Death was there at the poroporoaki as the tokotoko that was being handed around. The sadness that was lingering was lifted as the marae became lively and full of laughter and waiata. The heavy air that had been filled with tension evaporated and all became one again. Fragments of a person shared from different memories made you realise that a person is not just one type of way. This person can be so many different things to different people. She was not just a friend or a mother or a cousin. She was way more than the years you knew her ever showed you. Different ages and stages of her life brought before you through a stick. Here, I realised what Death was doing and why he was in this guise. Here, I realised that Death had a heart, at least for a little while.

Then Death became death again, cold and without a soul.
Death became the lid and the dirt beside the hole. Death became
the teary farewell and the words in all the songs. Then Death
waved goodbye to us and, like life, he moved on.

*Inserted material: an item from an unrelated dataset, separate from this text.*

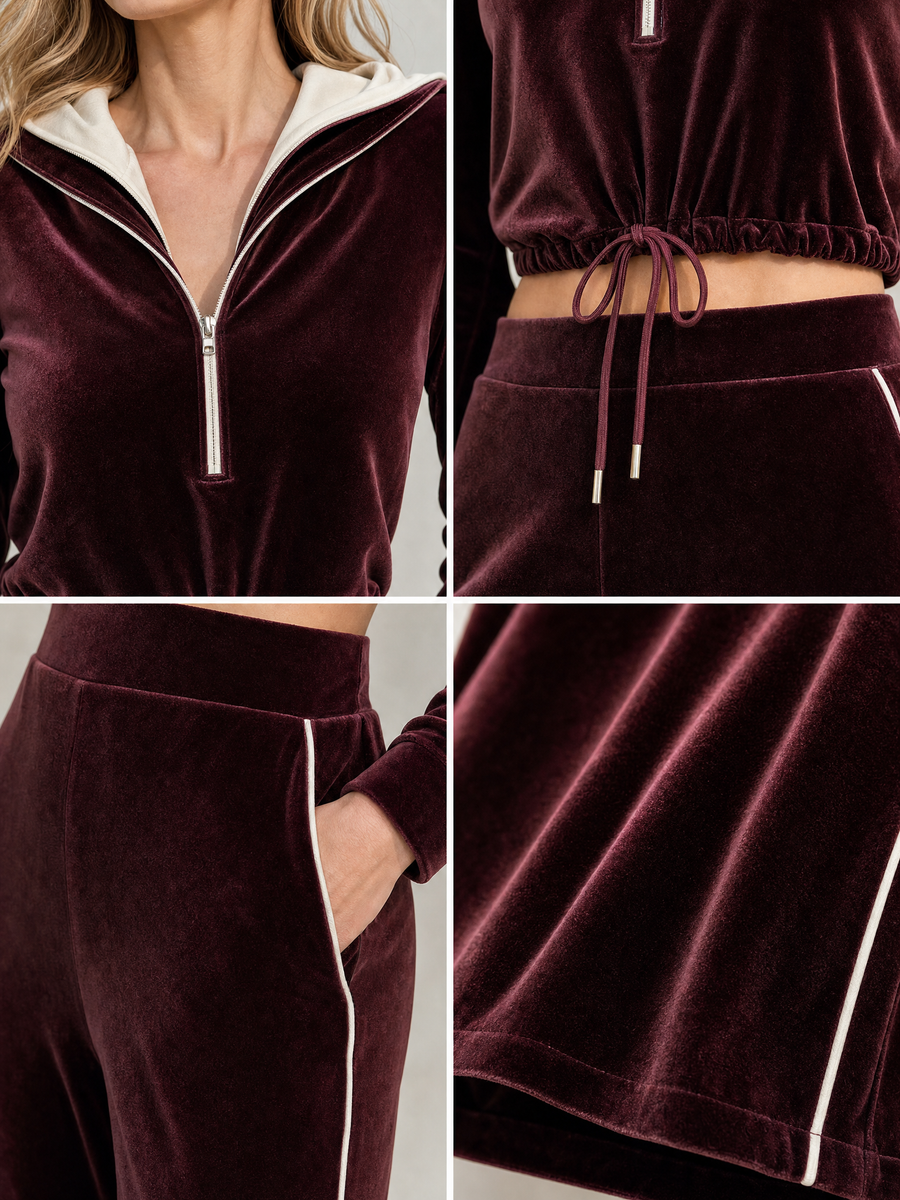 Women's Velvet Contrast Piping Hooded Crop Top and Wide Leg Pants Set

Death was sitting on a little hump of a hill just beyond the hole, under a small tree. Ironically, I snickered – like what the hell does Death need shade for? Since he can take away people’s lives, can’t he just demand the sun stop shining so brightly? He seemed to be watching not her, but us. I could feel his presence waning, his eyes ready to turn somewhere else. His voice came as a whisper through the trees. My job here is done, and I’m not sorry for taking someone you love.

‘Wait!’ I wanted to scream. ‘What do we do now? You can’t just leave us like this – leave us without a clue!’ But Death had no more to say and was already changing his clothes. I knew that he had many more ventures to make, many more guises to undertake. The answer wasn’t his to give but ours to figure out. Life simply moves on, and we have no choice but to move on with it.

But lost in our thoughts, or lost in our dreams,
Death can come as happiness that at first we can’t see.

Because when Death comes for us, whether we’re ready or not,
he will unite us with those he’s already got.